As a side note, I’m somewhat a determined (stubborn) person. Only after walking approximately 14km and climbing an elevation of 1000 meters did I stop and think about pushing on and attempting my initial goals. It was at this point I decided to pike on the walk and turn back. The weather was good but also bad. It was sunny, but with 40 to 50km winds that were constantly pushing me about. There was no cover and I thought about risk. The biggest risk I could see is I wasn’t really pumped to be doing the hike. Good spirits when outdoors is everything.
I turned it around and headed out. Got home and slept for 16 hours.
I think I may have had a cold or something. Usually, before I head out on these sorts of trips, I’m really pumped for them. However, it may have just been the location. Moonlight Ridge is a crappy crappy part of the world. Great past hill 1, but everything before that, thumbs down.
Anyway, I’ve been there before, and I’ll go again.
Back to this project.
When you start messing around with Lambda and integrations the Events package is really handy to read. aws/aws-lambda-go-events
Thankfully I had the original POST based Lambda to build most of this logic off. At the point of writing this I have that uploaded and working . It’s got no effective error handling at the moment but that can come in time.
I lost about two, or maybe three hours trying to figure out a small problem with AWS and what eventually turned out to be CloudFront.
I spent a lot of time just refreshing my browser and turnings things on and off again. I’m a little more methodical at work with comms bugs. Usually, it’s just a matter of testing each jump in the network to find the error. If I’d tried the Lambda, then API Gateway externally, I would have clued to the error not being on the Lambda or API Gateway setup. Admittedly, I haven’t done tons of Lambda stuff to be an old hand at it yet. I probably won’t fall into that trap again.
It was late, I blame that for not following a process to solve my problem.
Some interesting things came out of it.
- Caching and Pass-through policies on the API’s CloudFront distribution need to be enabled for query strings. Pretty easy to set up, it’s also pretty easy to ignore.

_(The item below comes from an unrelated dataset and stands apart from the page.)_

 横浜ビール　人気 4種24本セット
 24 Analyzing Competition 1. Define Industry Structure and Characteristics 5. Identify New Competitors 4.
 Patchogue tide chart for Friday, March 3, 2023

- Interestingly, you can white list query parameters. Importantly, the order in which you specify them in the white list becomes significant to whomever calls the API. Caches like Varnish (which Fastly use) have built-in helper functions in the cache libraries such as querystort. Querysort does just that and orders query params to increase cache hits. I wonder if AWS has done the math of that and decided against spending the extra compute?

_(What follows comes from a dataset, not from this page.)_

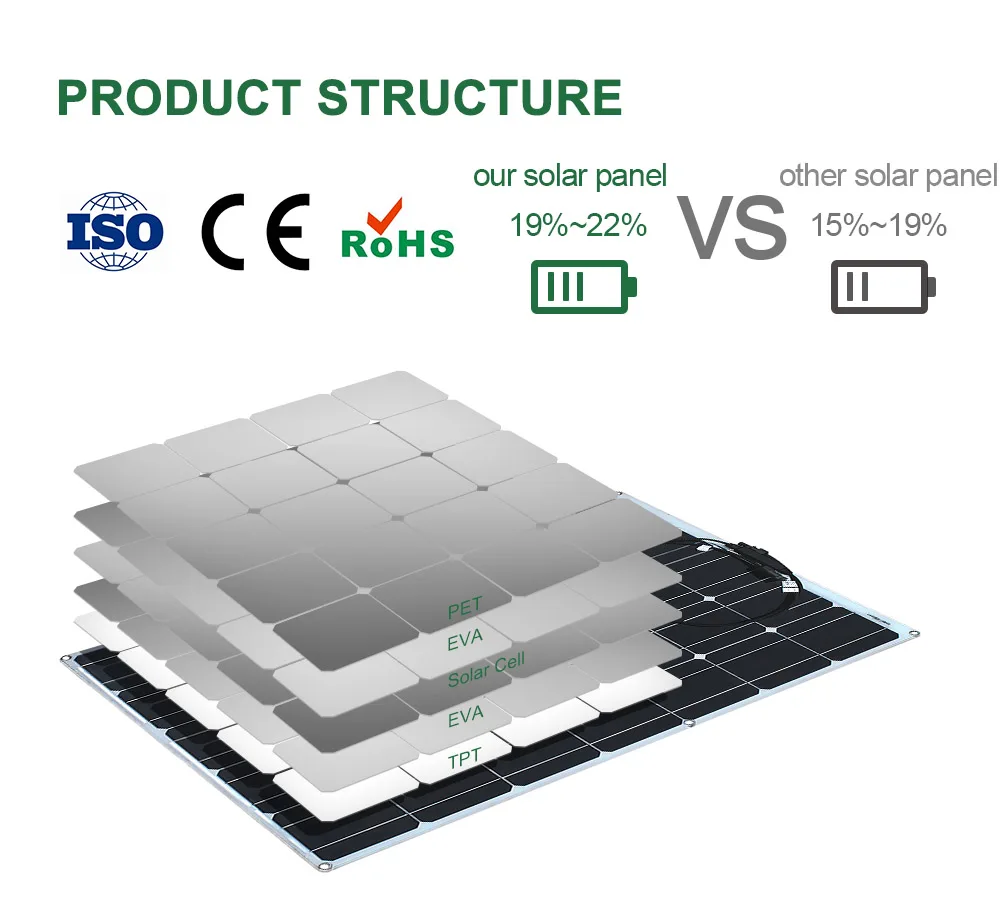 Kit de Panel Solar monocristalino extremadamente Flexible, 100 vatios, 12v, para autocaravana, caravana, autocaravana, barcos, techos, superficies irregulares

Anyway. It’s done. the API works.
The UI bits
This little side project is great. So many problems, so little forethought.

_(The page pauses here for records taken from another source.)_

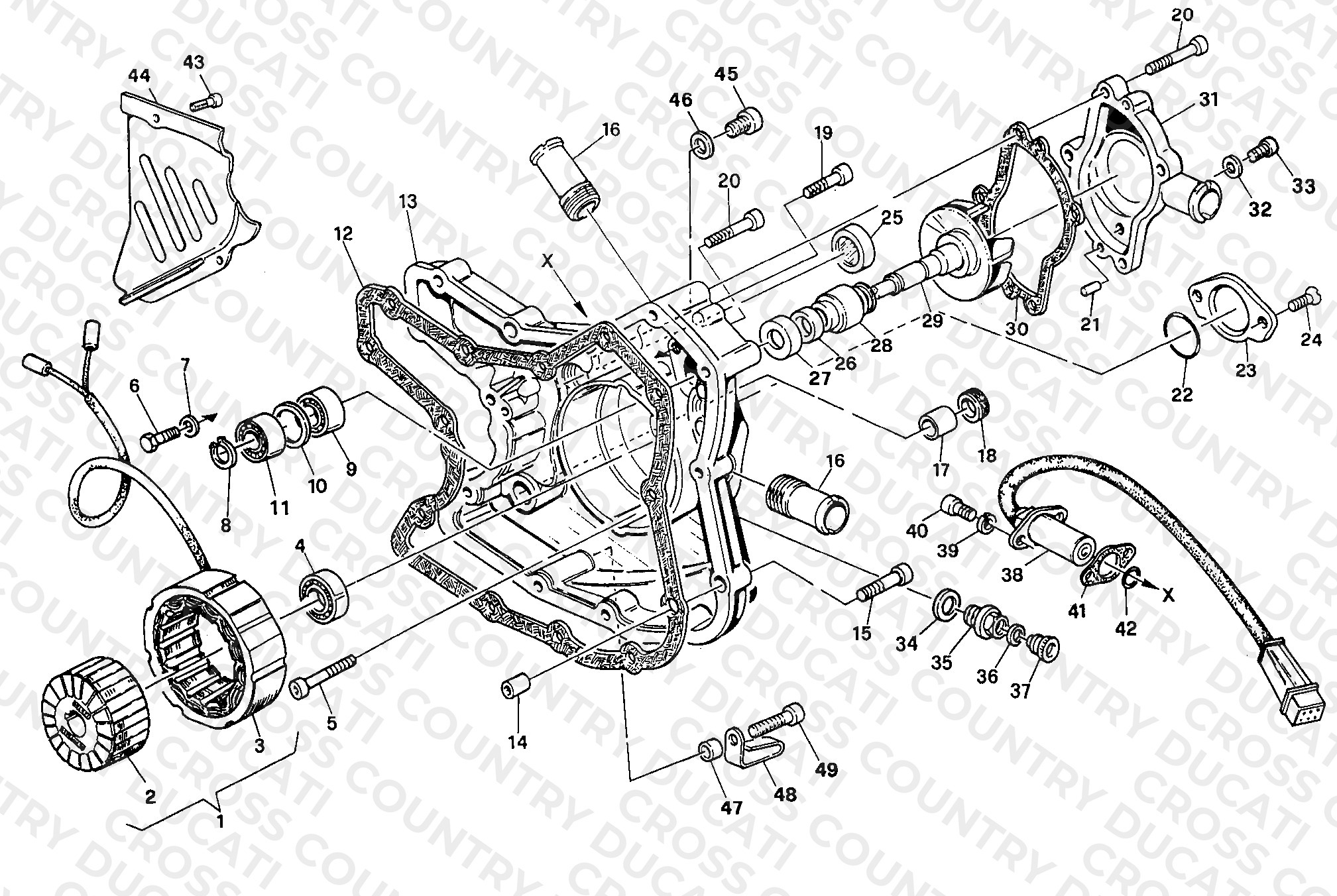 Generator Cover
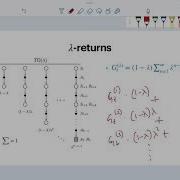 Multi Step Temporal Difference Learning Methods Reinforcement Learning Prediction GAE
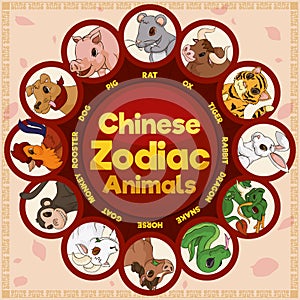 Traditional Chinese Zodiac Animals in a Cute Representation, Vector Illustration photo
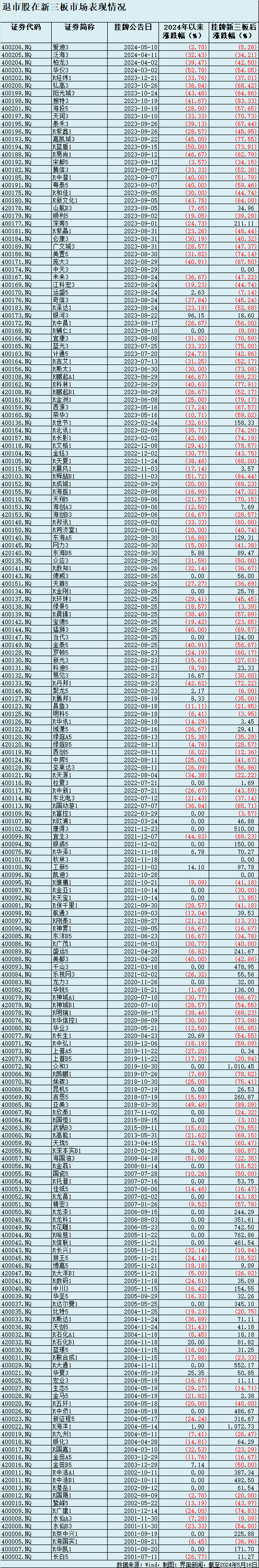 黄河旋风换手率24.25%，沪股通龙虎榜上买入3.00亿元，卖出1.64亿元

The most significant problem I have is that I have a service that exposes a tree of data, but interacting with that tree is dependent on you, the user, knowing the identity of a node. (╯°□°)╯︵ ┻━┻.
This is a dumb position to be in.
I could think about building a search but gah! I don’t really want to do that.
Instead, I’m going to do two things.
-
Create a D3 visualization that you can add elements as you click about nodes.
Something like this really awesome demo from D3: Mobile Patent Suits
-
Design and build a different tool that does everything I actually want but with less fuss.
I’m thinking along the lines of clicking a point on a Map of Aus and then finding out what regions exist in that point and what their relations up and down the chain are. I think I can do this pretty easily with the ArcGIS Javascript API, using the FeatureLayer Query function … I think.
But all of that can wait for part 3, once I learn how to use D3.js.